## EXERCISE OBJECTIVE
Read through the data and report every line in which the word "Long" occurs.

[Brief descriptive captions]

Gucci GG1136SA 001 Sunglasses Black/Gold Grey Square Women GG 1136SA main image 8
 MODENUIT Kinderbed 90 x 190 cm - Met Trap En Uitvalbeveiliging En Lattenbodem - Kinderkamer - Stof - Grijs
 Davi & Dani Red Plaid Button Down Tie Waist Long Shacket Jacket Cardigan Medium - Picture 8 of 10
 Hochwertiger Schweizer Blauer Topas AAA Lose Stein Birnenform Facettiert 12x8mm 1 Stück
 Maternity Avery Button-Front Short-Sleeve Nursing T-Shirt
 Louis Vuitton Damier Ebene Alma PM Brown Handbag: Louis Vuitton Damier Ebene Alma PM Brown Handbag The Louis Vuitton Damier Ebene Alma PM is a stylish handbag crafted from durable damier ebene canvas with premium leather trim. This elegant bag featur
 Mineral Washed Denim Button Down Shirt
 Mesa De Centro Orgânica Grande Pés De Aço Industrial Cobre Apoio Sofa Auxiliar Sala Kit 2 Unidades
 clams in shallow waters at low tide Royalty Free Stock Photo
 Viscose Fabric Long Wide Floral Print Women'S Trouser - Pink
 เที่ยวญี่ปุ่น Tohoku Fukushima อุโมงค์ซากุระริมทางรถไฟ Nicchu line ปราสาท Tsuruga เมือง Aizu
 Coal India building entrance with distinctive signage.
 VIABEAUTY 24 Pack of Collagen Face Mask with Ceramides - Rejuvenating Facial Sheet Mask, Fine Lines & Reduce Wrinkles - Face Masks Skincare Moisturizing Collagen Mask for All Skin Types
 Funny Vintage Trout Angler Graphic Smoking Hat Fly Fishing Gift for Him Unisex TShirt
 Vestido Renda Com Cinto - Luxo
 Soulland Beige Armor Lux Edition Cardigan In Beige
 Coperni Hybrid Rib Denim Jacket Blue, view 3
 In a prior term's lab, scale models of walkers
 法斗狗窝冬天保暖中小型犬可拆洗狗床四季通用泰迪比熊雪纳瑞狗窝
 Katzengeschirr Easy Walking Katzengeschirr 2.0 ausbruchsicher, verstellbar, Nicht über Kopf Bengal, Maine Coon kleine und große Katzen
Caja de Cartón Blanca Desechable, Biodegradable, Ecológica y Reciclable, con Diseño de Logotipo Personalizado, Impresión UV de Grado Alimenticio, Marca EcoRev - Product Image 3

## RESULT
 Davi & Dani Red Plaid Button Down Tie Waist Long Shacket Jacket Cardigan Medium - Picture 8 of 10
 Viscose Fabric Long Wide Floral Print Women'S Trouser - Pink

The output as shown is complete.